Oltre il “post”: le strategie FdI e la svolta di Pizzutelli

Il gruppo consiliare del Partito della Meloni ha voluto ribadire l’isolamento politico di Marco Ferrara pensando pure alle scelte future in campo elettorale. Il numero uno di Frosinone in Comune sta pensando di partecipare alle primarie del centrosinistra?

L’immediata alzata di scudi di Stefano Pizzutelli (Frosinone in Comune) e di tutto il Partito Democratico. Per quanto riguarda il centrosinistra. La presa di distanza di Fratelli d’Italia per quanto riguarda il centrodestra. La vicenda del post di Marco Ferrara, quello della condivisione della scritta “il vaccino rende liberi”, ha acceso un dibattito su scala nazionale. Ma le reazioni riconducibili ad esponenti del Consiglio comunale servono a capire costa sta succedendo e cosa potrebbe succedere nel capoluogo. (leggi qui Consigliere posta Auschwitz: “Il vaccino rende liberi”. Caso nazionale).

Dai banchi della maggioranza

Cominciamo dalla maggioranza. Dicevamo di Fratelli d’Italia. Tutti hanno sconfessato Marco Ferrara, iscritto e a suo tempo eletto nel Partito di Giorgia Meloni ma poi passato nella Lista per Frosinone di Antonio Scaccia. Al quale ieri pomeriggio sono cascate le braccia dopo aver letto del post.

Ma intanto in Fratelli d’Italia la presa di distanza è stata totale: l’assessore Pasquale Cirillo, i consiglieri comunali Domenico Fagiolo, Maria Rosaria Rotondi e Tahira Mangiapelo, il portavoce cittadino di Frosinone Giuseppe Vittigli. Per la verità Fratelli d’Italia da tempo aveva preso le distanza da Marco Ferrara. Dalla questione della moschea. (Leggi qui Fratelli d’Italia scomunica Ferrara: «Moschea? Rappresenta solo se stesso»).

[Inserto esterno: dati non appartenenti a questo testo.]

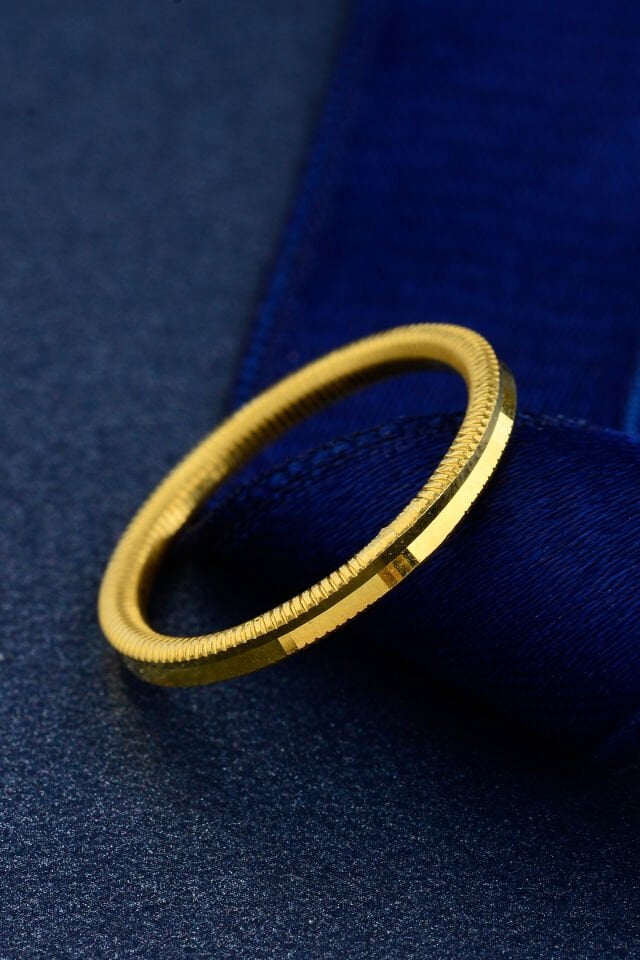 22 Ayar Altın Kaplama 925 Ayar Gümüş Oluklu Düz Ajda Yüzük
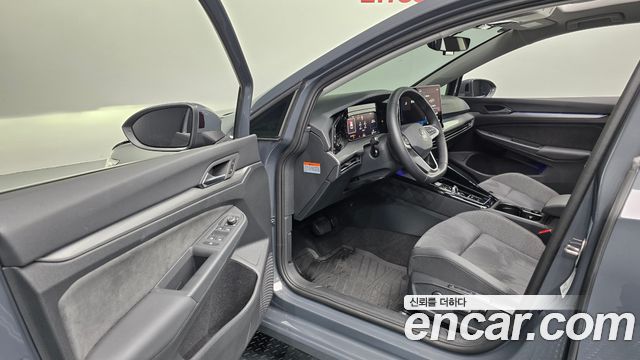 Volkswagen Golf 2025 — photo 13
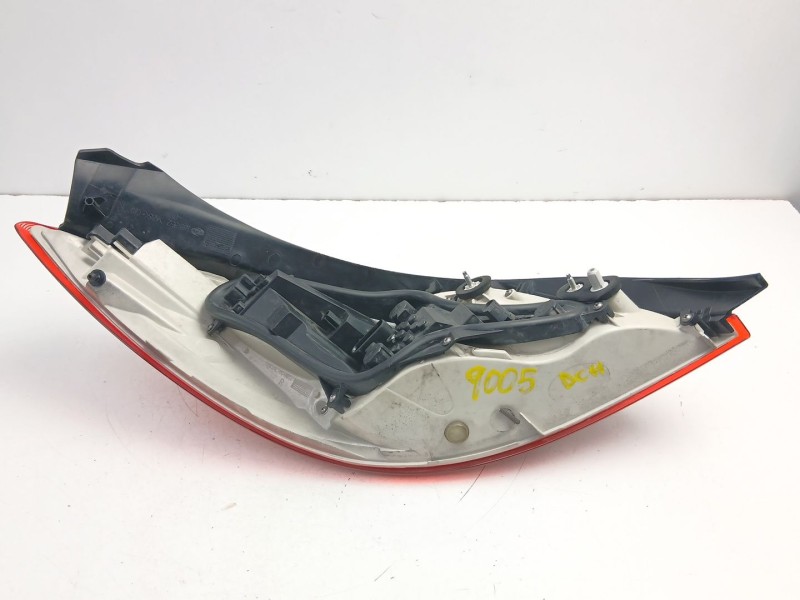 Recambio de piloto trasero derecho para opel insignia a sedán (g09) 2.0 cdti (69) referencia OEM IAM 13279628  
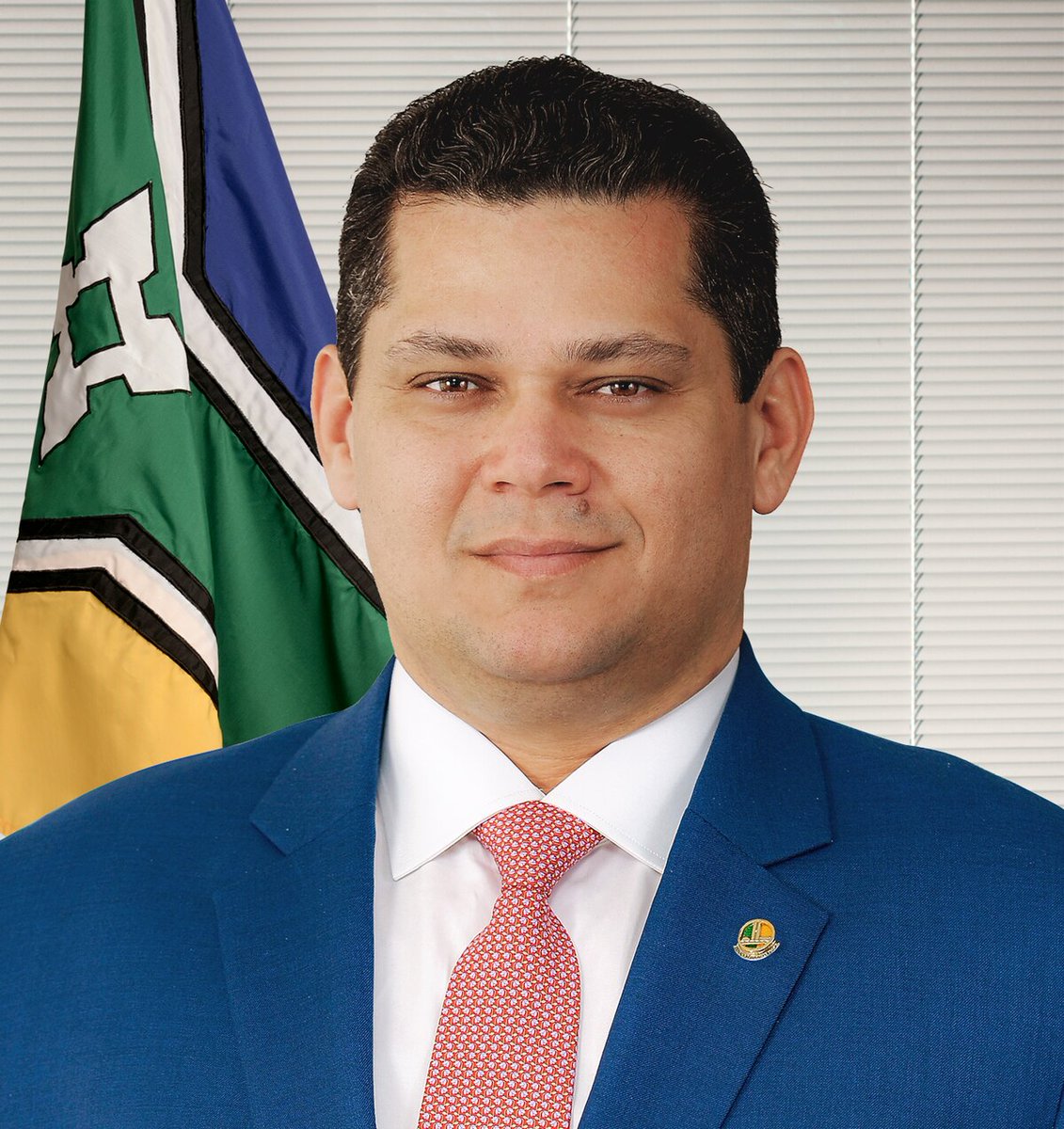 Estou oficializando que segunda-feira terá o dossiê completo do PRESIDENTE DO CONGRESSO NACIONAL, Davi Alcolumbre. O homem que tem nas mãos o poder de pautar o impeachment do Alexandre de Moraes. Vamos expor tudo.
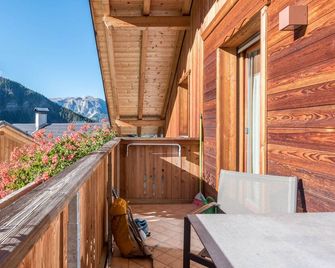 Apartment Ciasa Raut App Tamà with Mountain View, Balcony & Wi-Fi - La Valle/Wengen - Balkon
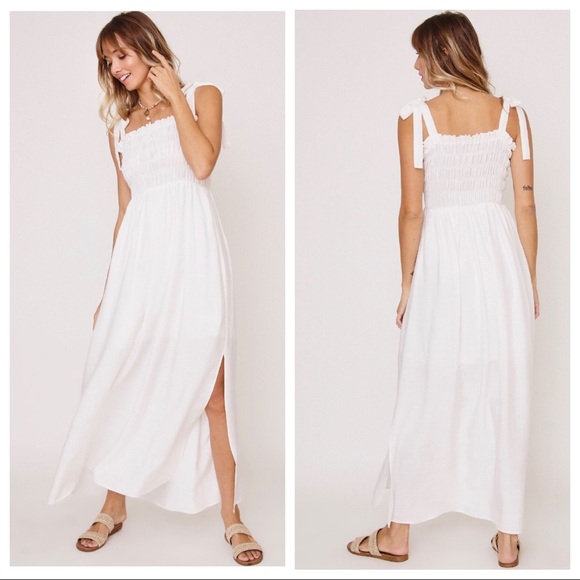 The Perfect Dress! Shoulder Tie Smocking Dress - Picture 3 of 4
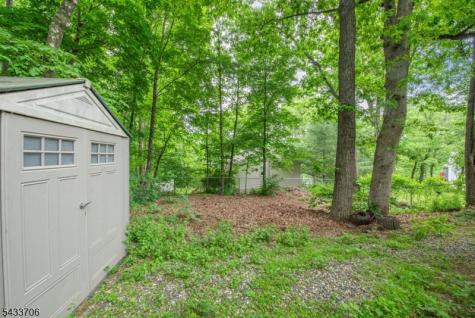 9 Albert Street West Milford NJ 07480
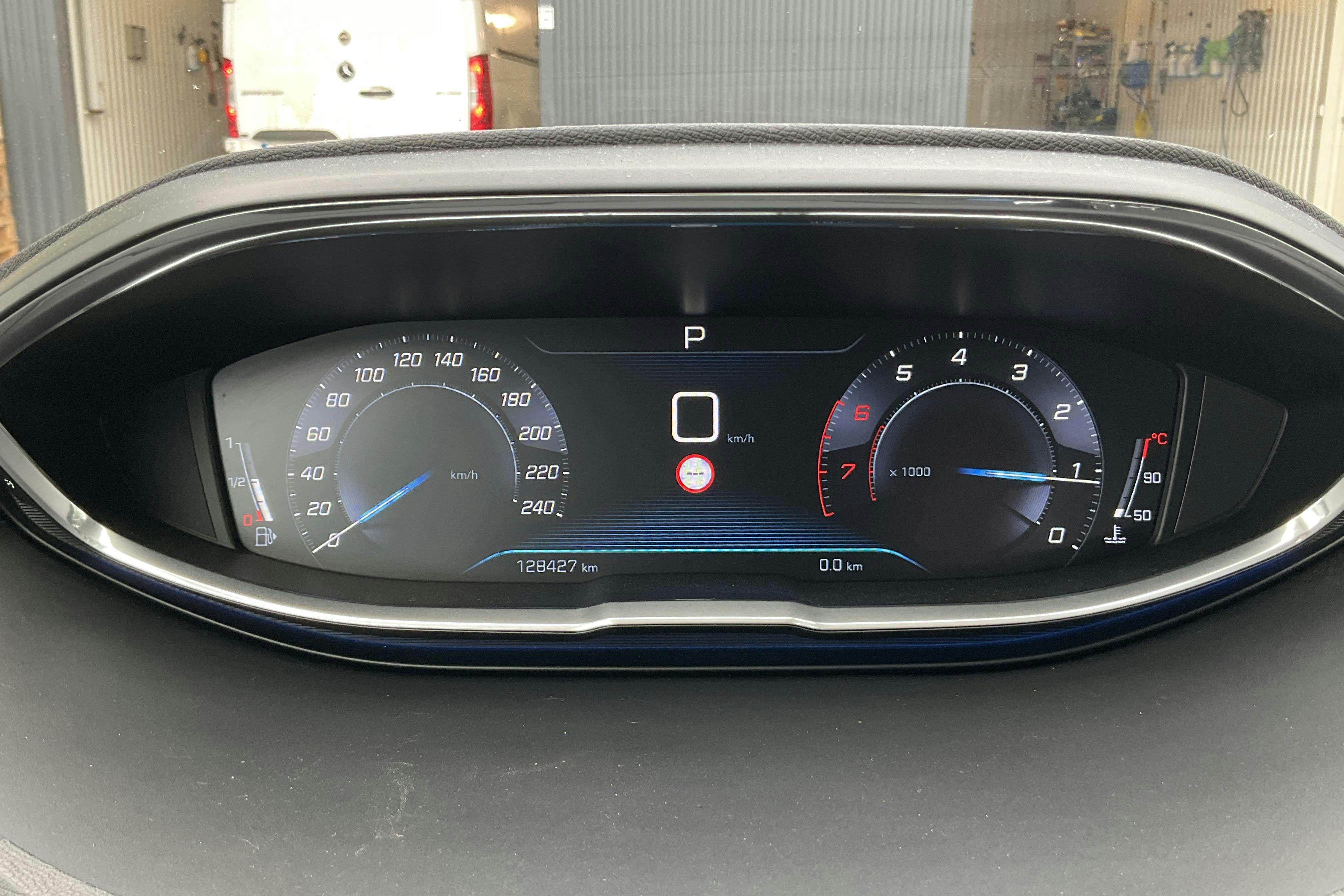 Peugeot 3008 1.2 PureTech (130hk) - 12 842 mil - Automat - 2018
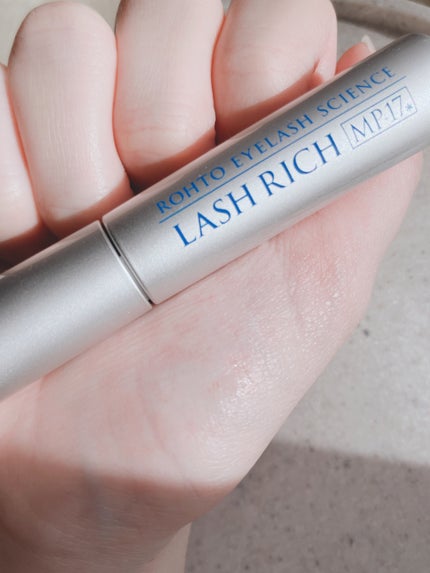 ラッシュリッチアイラッシュセラム/ロート製薬/まつげ美容液を使ったクチコミ(4枚目)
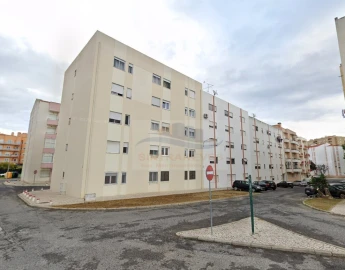 Apartamento T2 para Venda em Carregado e Cadafais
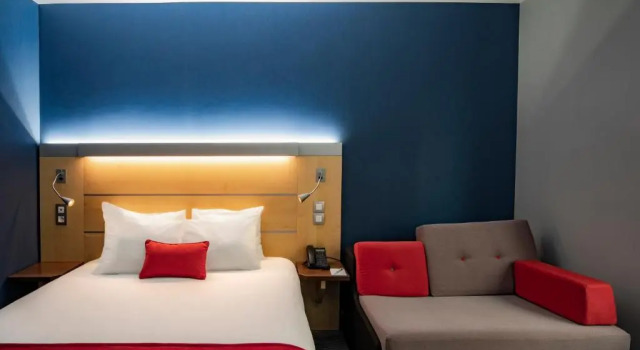 Номер Standard Holiday Inn Express Paris-Canal De La Villette by IHG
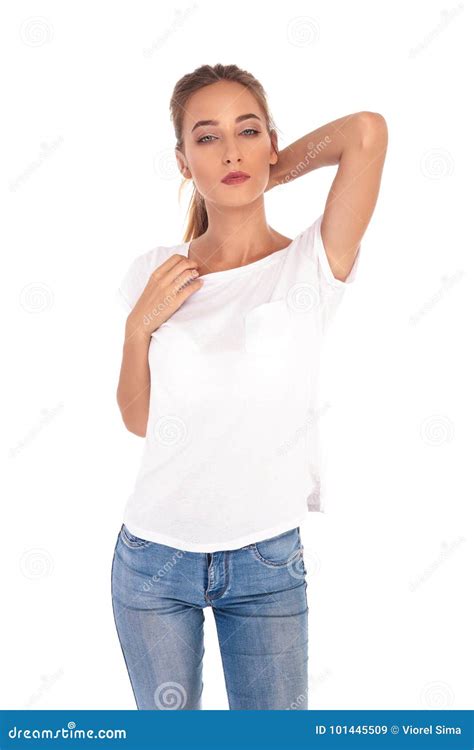 Jeune Femme Maigre Dans La Pose De T Shirt Et De Jeans Image Stock Image Du Blonde Both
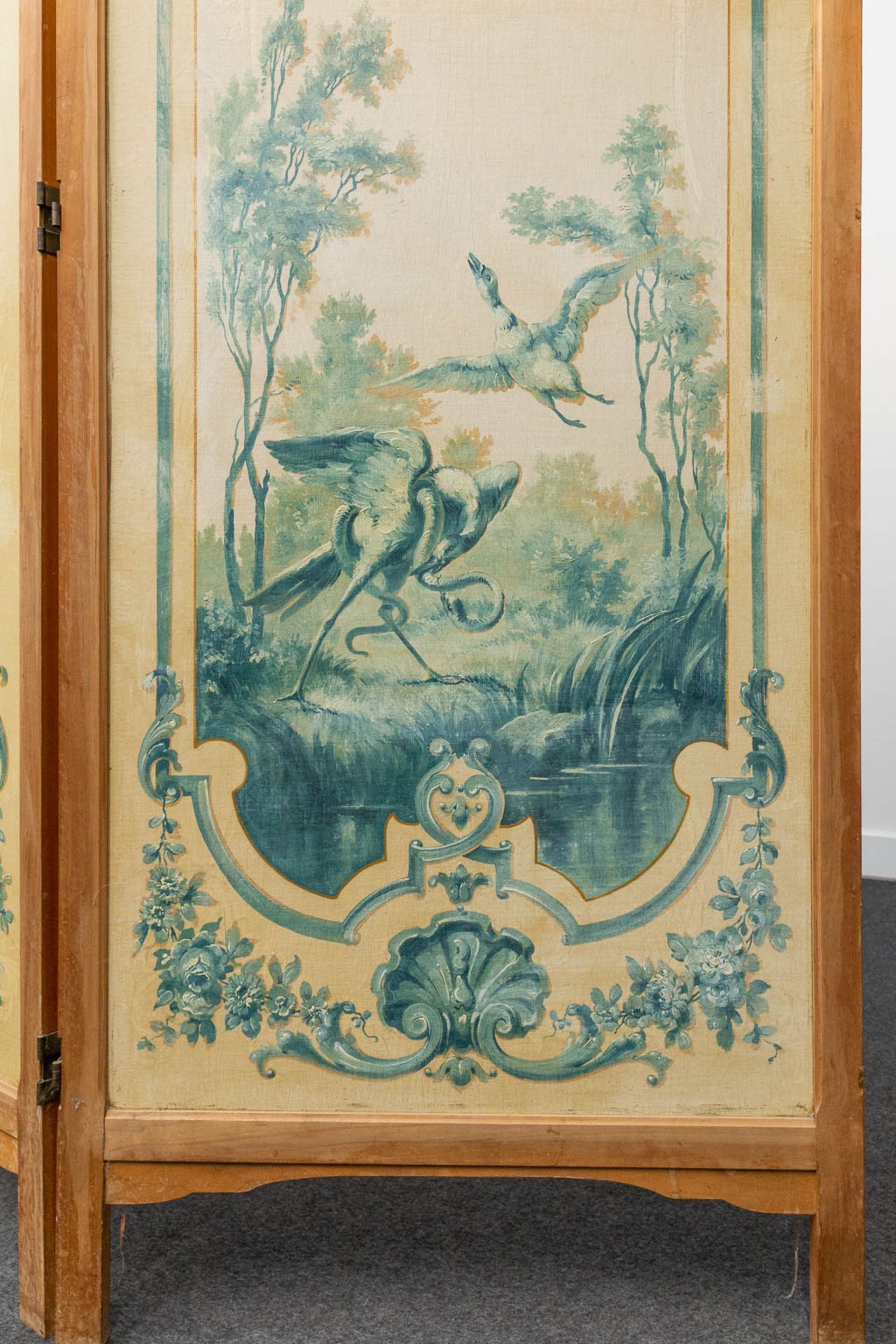 A hand painted folding screen / Room Divider with birds and landscapes - Bild 15 aus 21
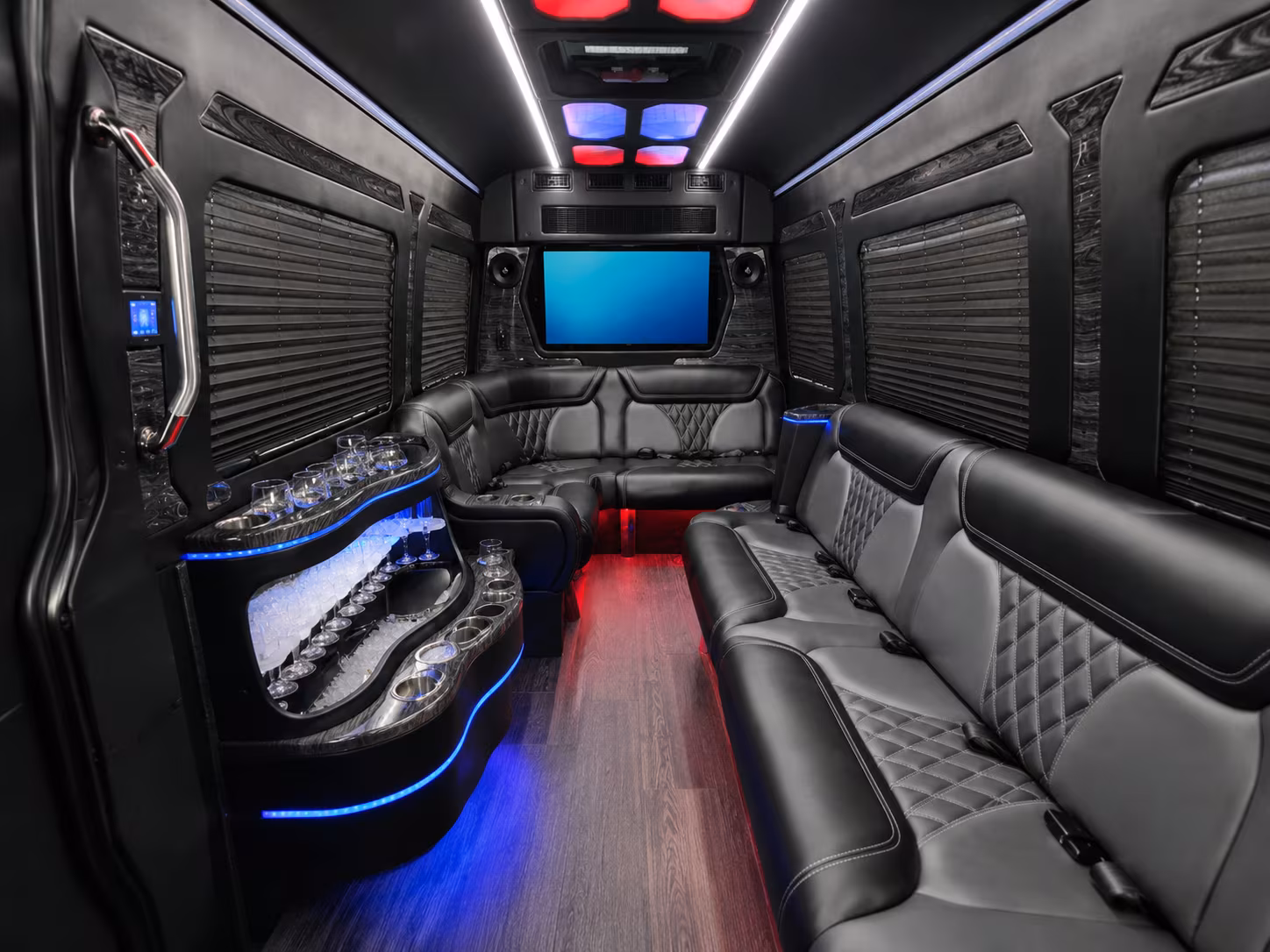 bus rental services for federal agencies near madera california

Stavolta il Partito ha voluto ribadire non soltanto la propria posizione, ma anche far capire che Marco Ferrara a Frosinone non potrà far parte delle scelte future.

D’altronde il senatore Massimo Ruspandini da tempo aveva deciso di isolare politicamente Marco Ferrara. Fratelli d’Italia non ha nulla a che fare con quel post. E per quanto riguarda le scelte elettorali e politiche nel capoluogo le prenderà autonomamente, quando sarà il tempo.

Gli altri partiti di centrodestra, Lega e Forza Italia, non sono intervenuti. Quanto alla Lista per Frosinone, Antonio Scaccia sta riflettendo sul da farsi.

Dai banchi dell’opposizione

Per quanto riguarda le opposizioni, il Partito Democratico si dimostra molto reattivo sulle vicende politiche e di principio. Perfino su quelle ideologiche e culturali. Se facesse altrettanto sul versante amministrativo del capoluogo, avrebbe molte più possibilità di vincere le elezioni comunali.

Differente il discorso per Stefano Pizzutelli. Il leader di Frosinone in Comune ha citato due esempi di vaccinazioni: quelle di Fabrizio Cristofari e di Riccardo Mastrangeli. Il primo è presidente dell’Ordine dei Medici, ma anche uno dei leader del Pd cittadino. La volta scorsa si è candidato a sindaco. Il secondo è presidente dell’Ordine dei Farmacisti, ma pure assessore tecnico al Bilancio della giunta Ottaviani. Moderato tra i moderati.

Stefano Pizzutelli da tempo ha cambiato i toni della comunicazione. Che voglia candidarsi a sindaco alle primarie del centrosinistra?